What is required:
Using the entries below, quote exactly the span of lines that begins with the line containing "Futuristic Cityscape 124 Art Print" and ends with the final line.

Material shown:

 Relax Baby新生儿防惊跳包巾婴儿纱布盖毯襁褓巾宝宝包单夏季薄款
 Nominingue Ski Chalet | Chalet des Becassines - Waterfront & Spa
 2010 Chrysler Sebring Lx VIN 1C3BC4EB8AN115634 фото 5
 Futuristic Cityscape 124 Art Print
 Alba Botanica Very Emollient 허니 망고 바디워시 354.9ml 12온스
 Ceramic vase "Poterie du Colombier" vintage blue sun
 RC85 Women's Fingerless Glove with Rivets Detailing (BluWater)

Final answer:
 Futuristic Cityscape 124 Art Print
 Alba Botanica Very Emollient 허니 망고 바디워시 354.9ml 12온스
 Ceramic vase "Poterie du Colombier" vintage blue sun
 RC85 Women's Fingerless Glove with Rivets Detailing (BluWater)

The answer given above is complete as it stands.